# Exercise aim:
Where an entry contains an image, skip the image and print the rest exactly.

[Data for analysis Boundary: Start]

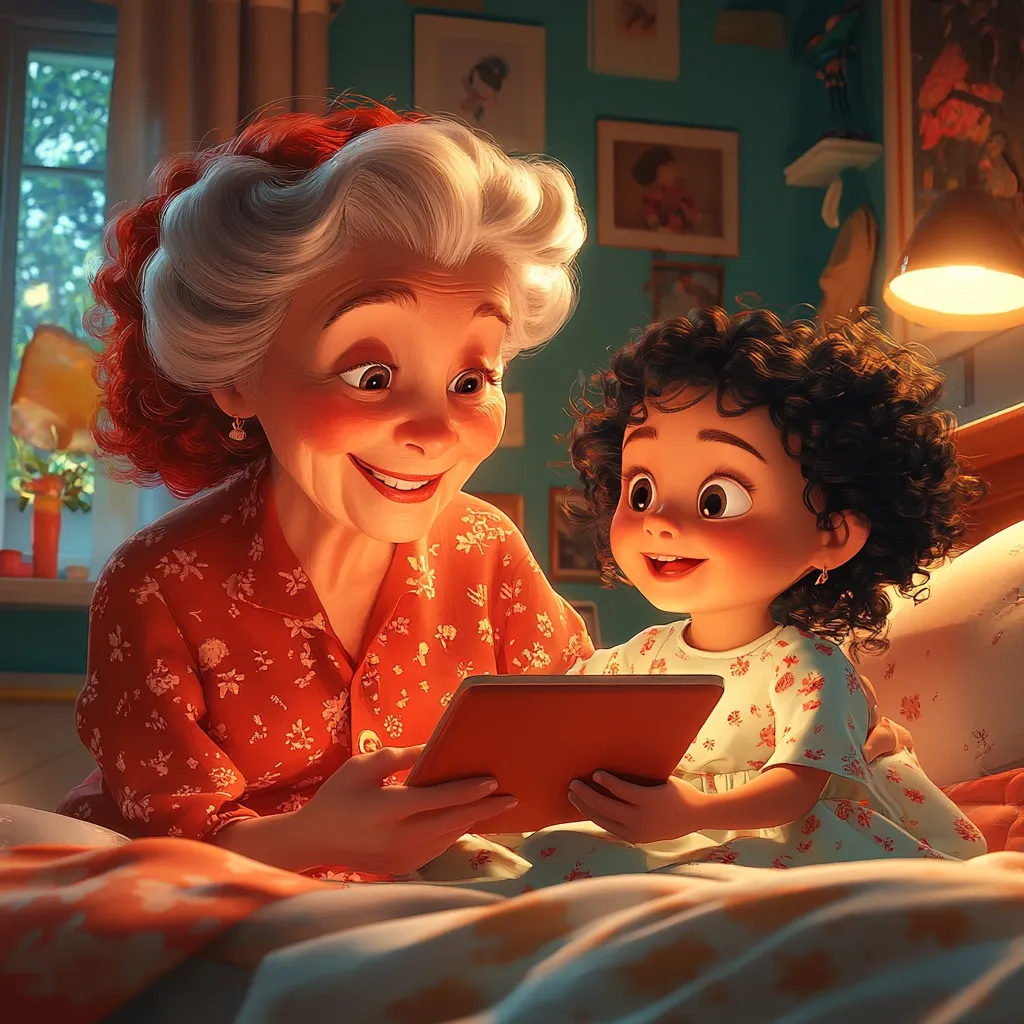 A grandmother with white hair and a red floral shirt is sitting next to her granddaughter. They are both looking at a tablet. The granddaughter is wearing a light blue and white floral nightgown. The grandmother has a big smile on her face, and the granddaughter is looking at the tablet with excitement. The room is dimly lit, with a warm glow emanating from the tablet screen. The scene is full of love and tenderness.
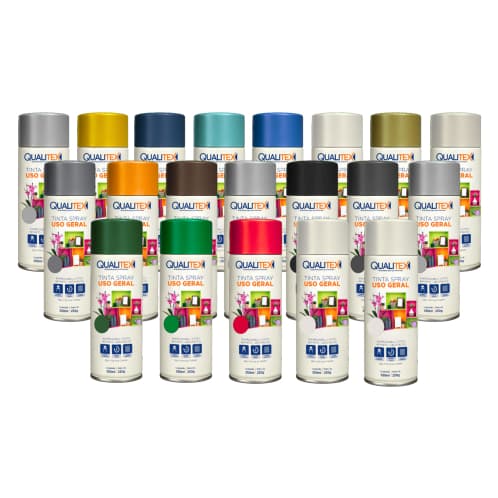 Tinta Spray Qualitex Supercolor uso geral 350ml todas as Cores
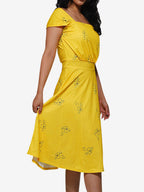Date Night Dresses Midi Short Sleeves Floral Print Square Neck Casual Yellow Dress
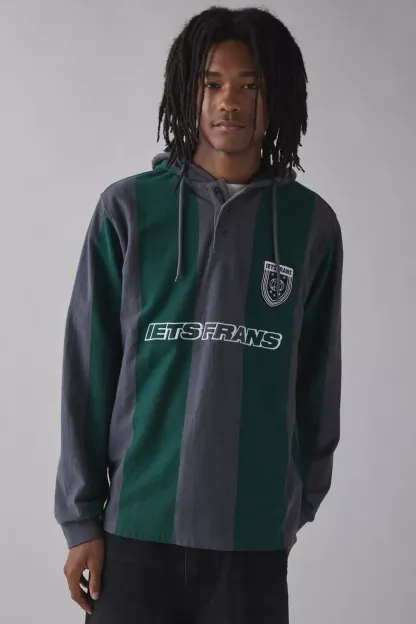 iets frans… Football Hoodie Sweatshirt - Black + Green Stripe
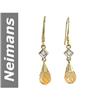Image 1 : 4.22 ct Citrine & Diamond Earrings 14kt Gold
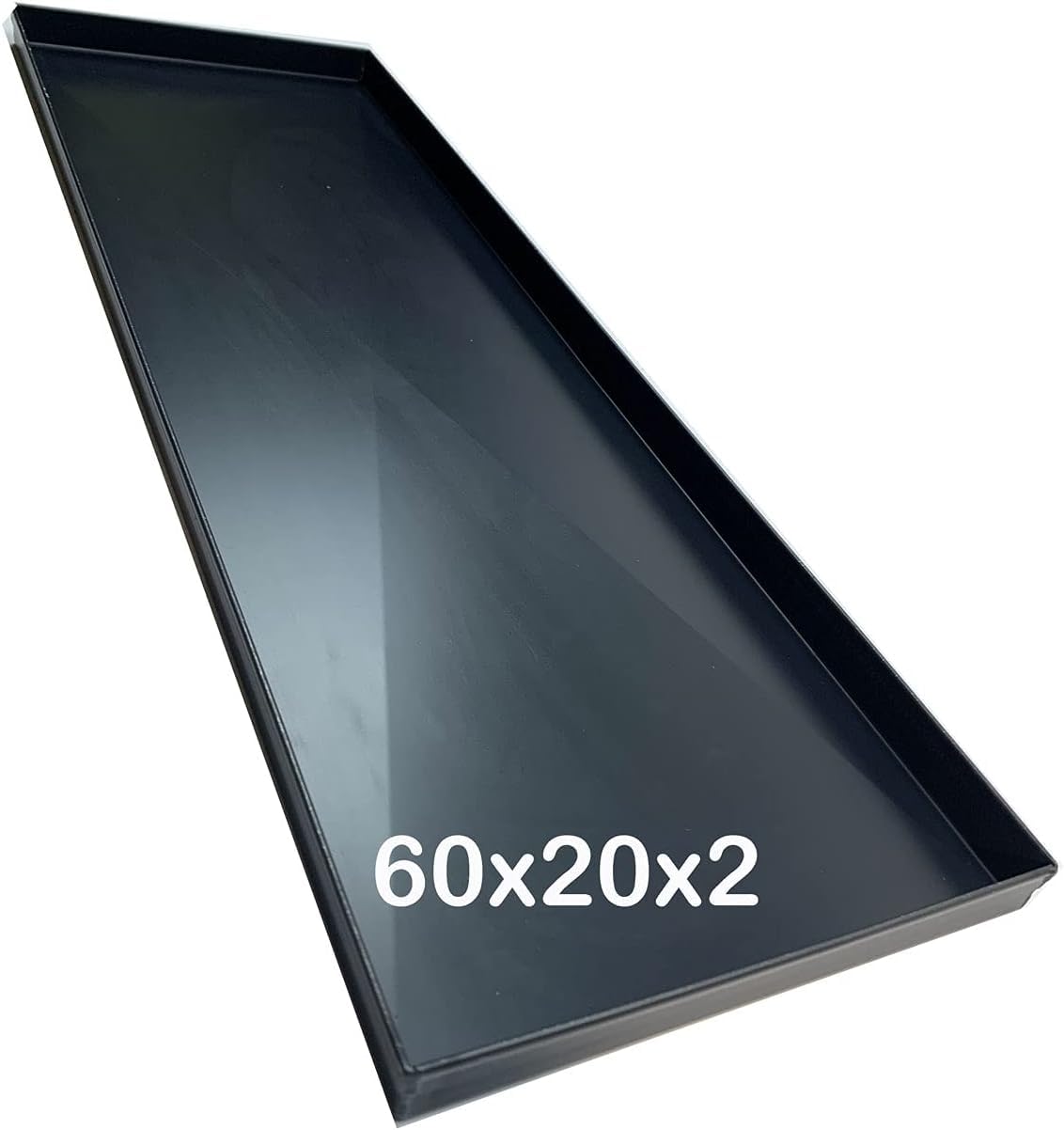 [2 PEZZI] Teglie forno 60x20x2 Cm, Bordo 2 cm con diagonale Spessore teglie 8/10 Pizza alta idratazione ideale per pizza focaccie
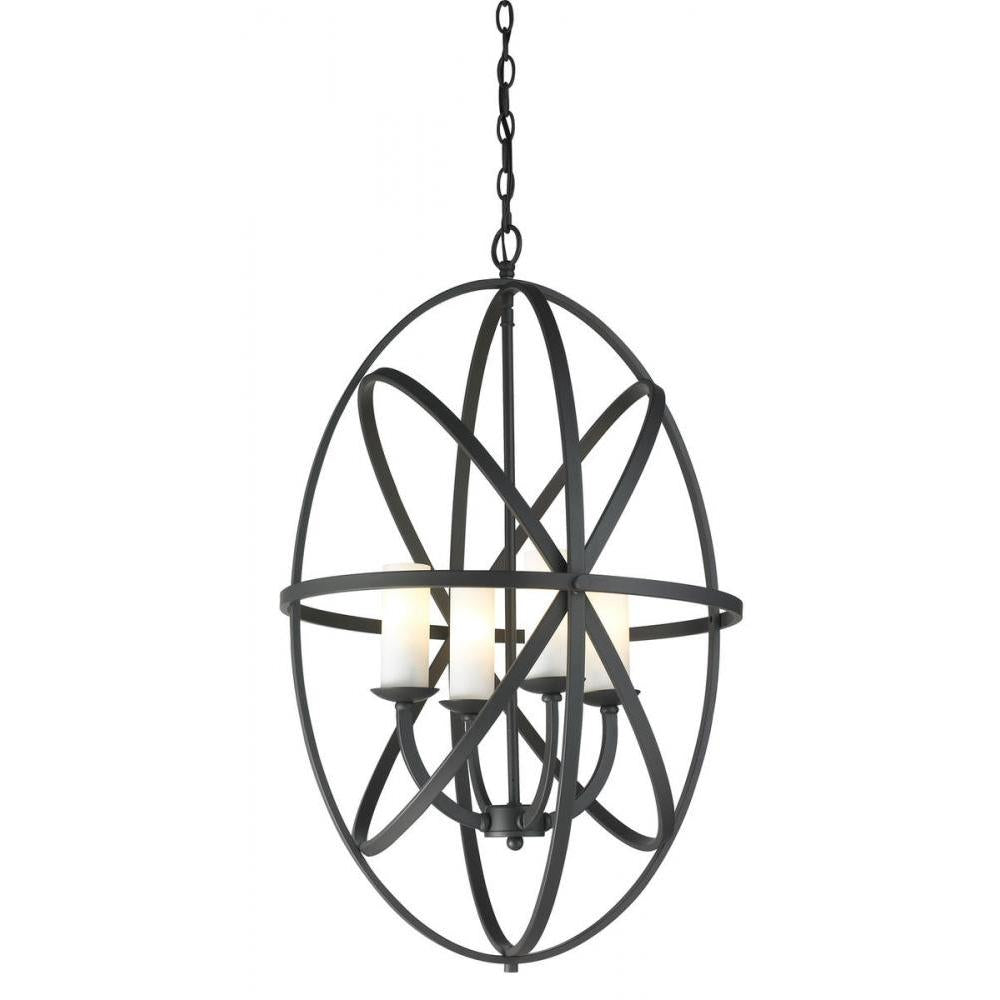 4 Light Chandelier-Matte Opal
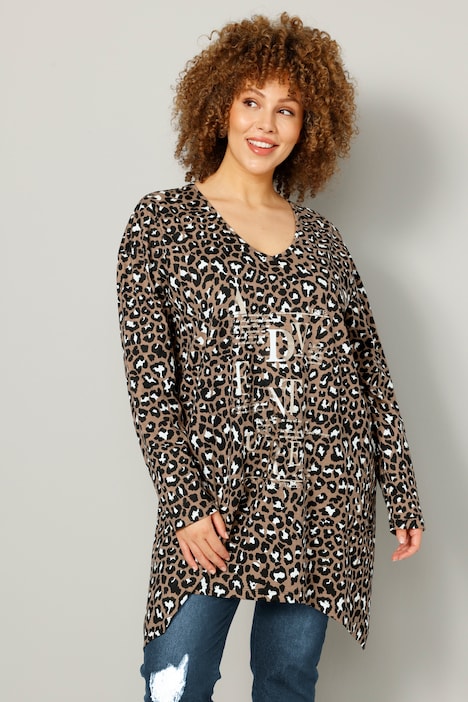 Longshirt, Animalprint, Schriftdruck, Zipfelsaum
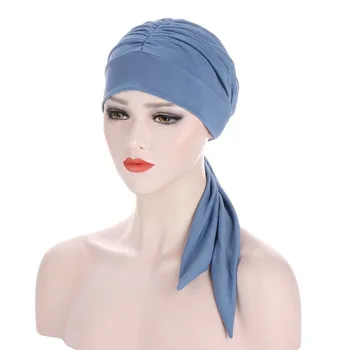 Musulmonų Turbaną Skrybėlę moterų Pre-Susieta Chemo Beanies Kepurės Bandana Skarelė Galvos Wrap Vėžio Plaukų Aksesuarai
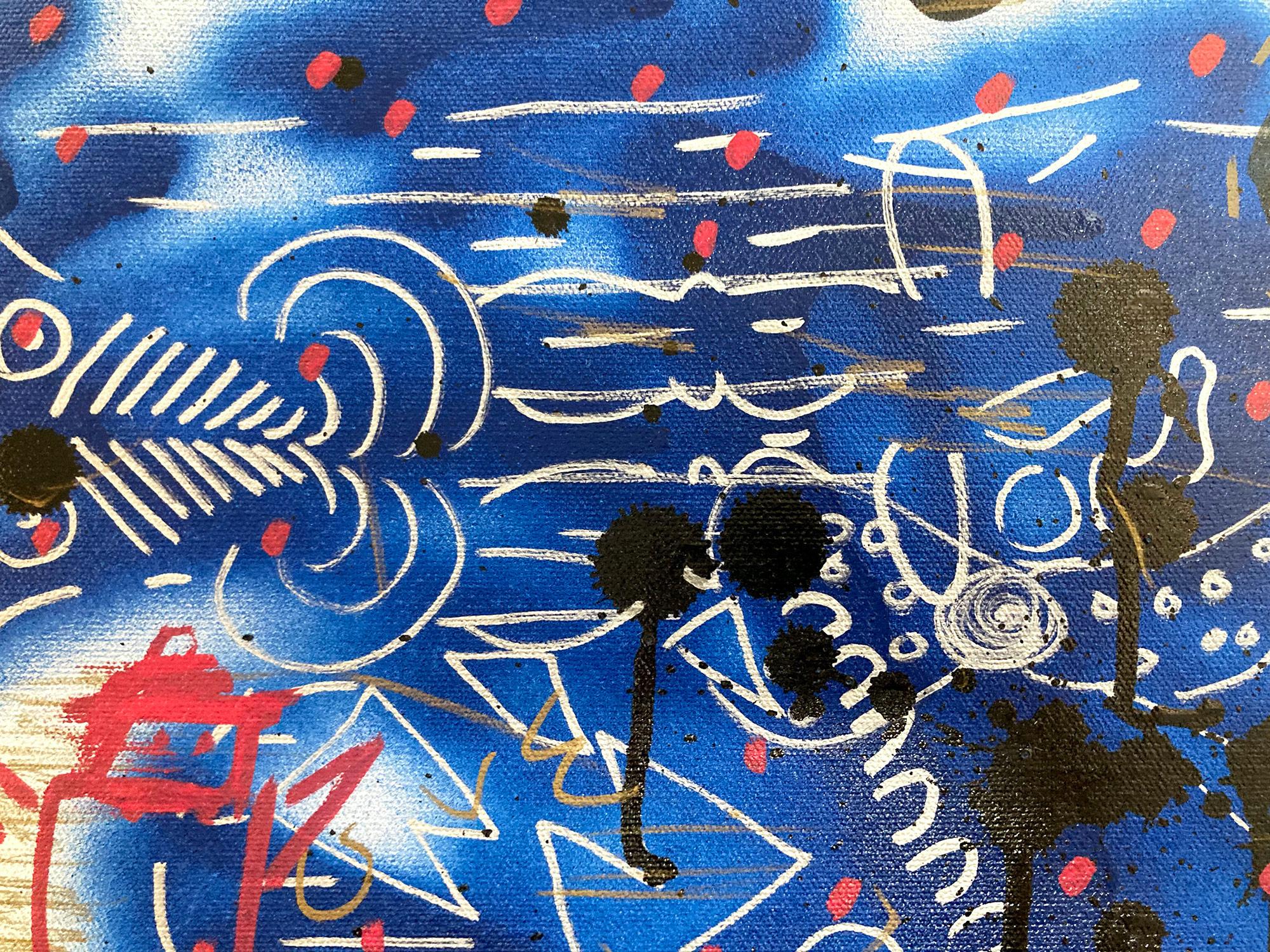 „Music Box“ Dekorierte Graffiti Street Art Acryl Sprühfarbe und Tinte auf Leinwand im Angebot 7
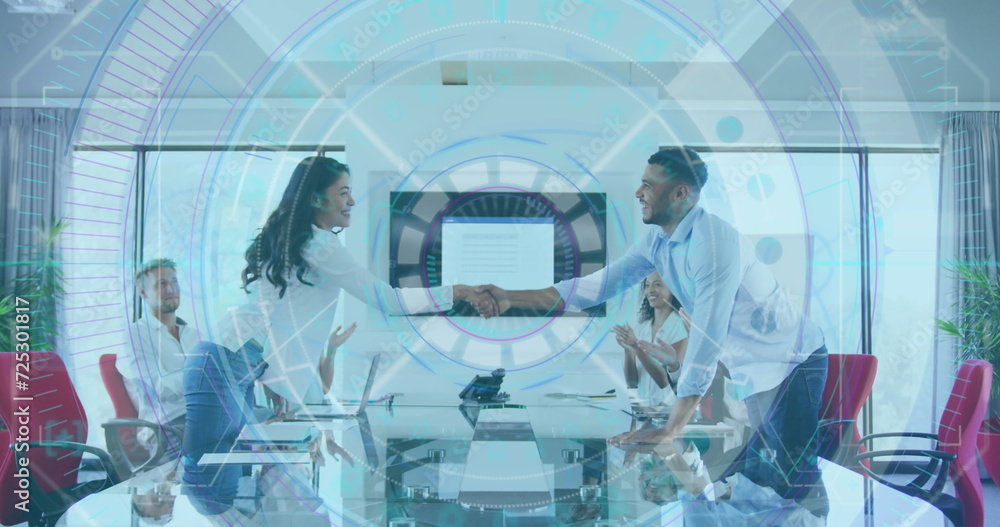 Poster image of interface showing circular scope with business people shaking hands at a meeting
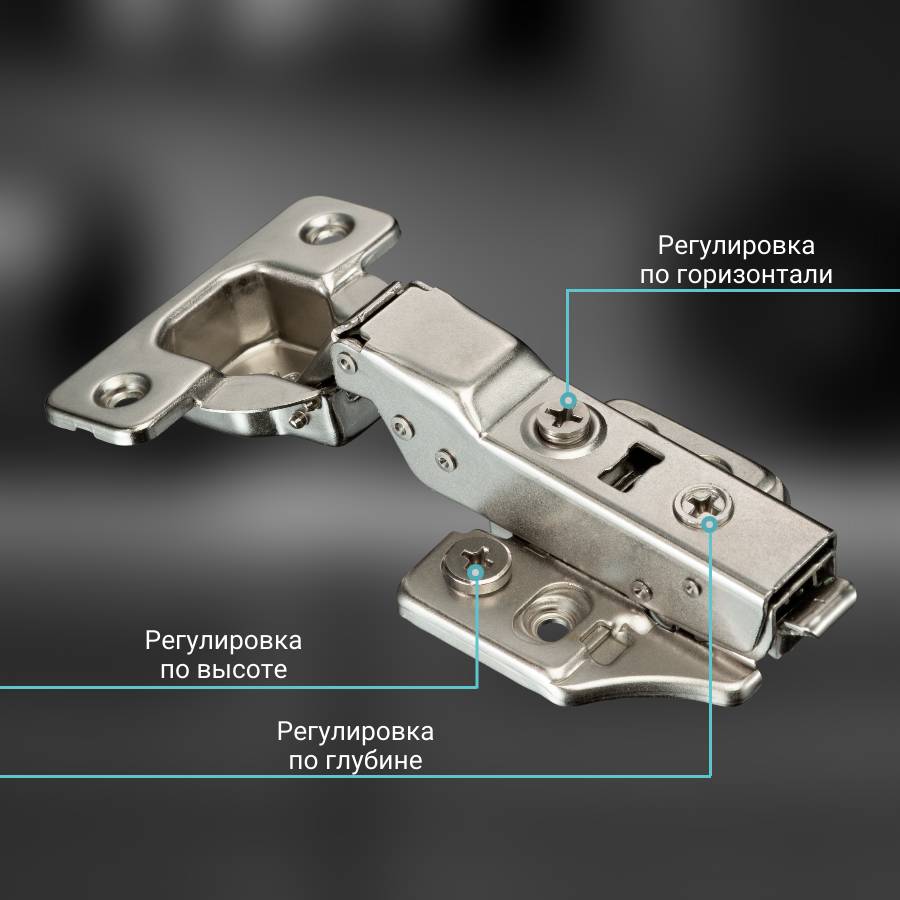 фото Петля полунакладная MF Прима Топ (Prima Top), с трехмерной регулировкой, 45 мм, быстросъемная, с доводчиком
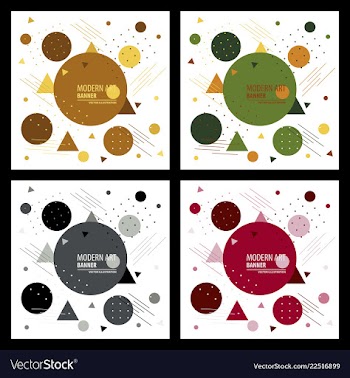 Collection of creative universal artistic cards vector image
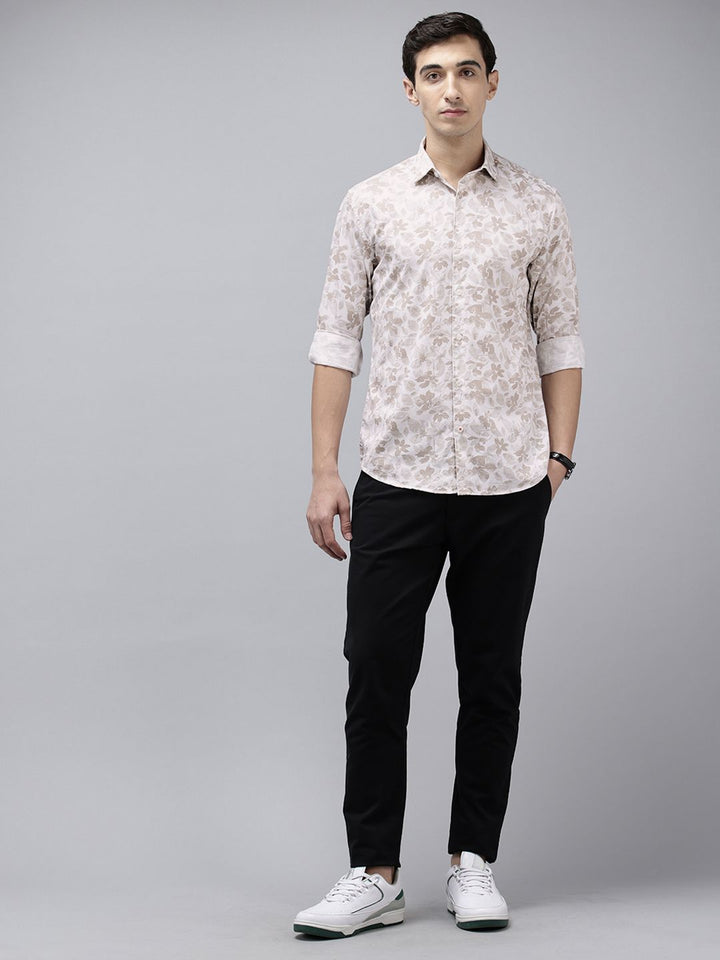 Park Avenue Pure Cotton Slim Fit Floral Printed Casual Shirt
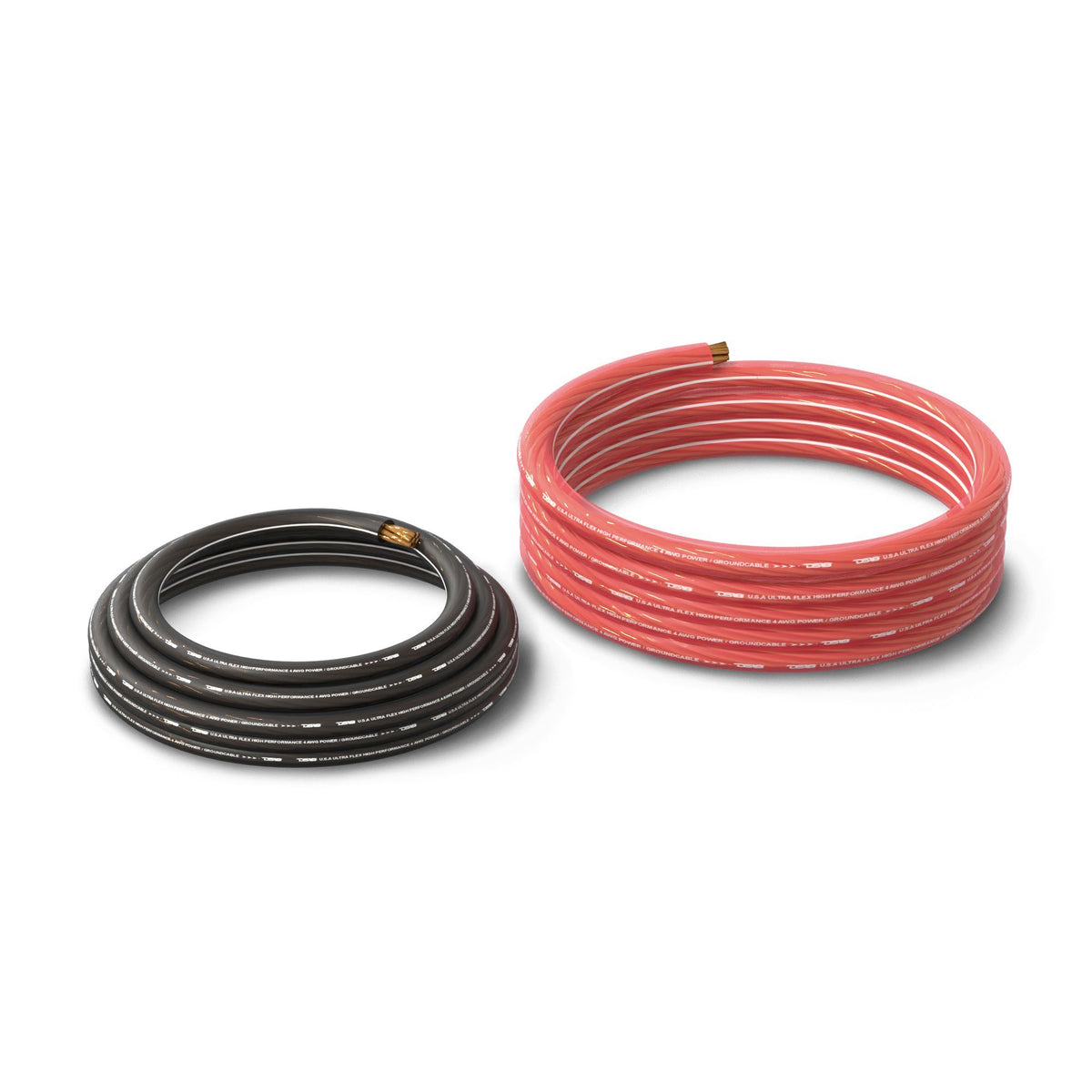 4-GA Ultra Flex OFC Ground Power Cable 5 Ft Black and 20 Ft Red Kit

[Data for analysis Boundary: End]

# Completed task:
 A grandmother with white hair and a red floral shirt is sitting next to her granddaughter. They are both looking at a tablet. The granddaughter is wearing a light blue and white floral nightgown. The grandmother has a big smile on her face, and the granddaughter is looking at the tablet with excitement. The room is dimly lit, with a warm glow emanating from the tablet screen. The scene is full of love and tenderness.
 Tinta Spray Qualitex Supercolor uso geral 350ml todas as Cores
Date Night Dresses Midi Short Sleeves Floral Print Square Neck Casual Yellow Dress
 iets frans… Football Hoodie Sweatshirt - Black + Green Stripe
Image 1 : 4.22 ct Citrine & Diamond Earrings 14kt Gold
 [2 PEZZI] Teglie forno 60x20x2 Cm, Bordo 2 cm con diagonale Spessore teglie 8/10 Pizza alta idratazione ideale per pizza focaccie
 4 Light Chandelier-Matte Opal
 Longshirt, Animalprint, Schriftdruck, Zipfelsaum
 Musulmonų Turbaną Skrybėlę moterų Pre-Susieta Chemo Beanies Kepurės Bandana Skarelė Galvos Wrap Vėžio Plaukų Aksesuarai
 „Music Box“ Dekorierte Graffiti Street Art Acryl Sprühfarbe und Tinte auf Leinwand im Angebot 7
 Poster image of interface showing circular scope with business people shaking hands at a meeting
 фото Петля полунакладная MF Прима Топ (Prima Top), с трехмерной регулировкой, 45 мм, быстросъемная, с доводчиком
 Collection of creative universal artistic cards vector image
 Park Avenue Pure Cotton Slim Fit Floral Printed Casual Shirt
 4-GA Ultra Flex OFC Ground Power Cable 5 Ft Black and 20 Ft Red Kit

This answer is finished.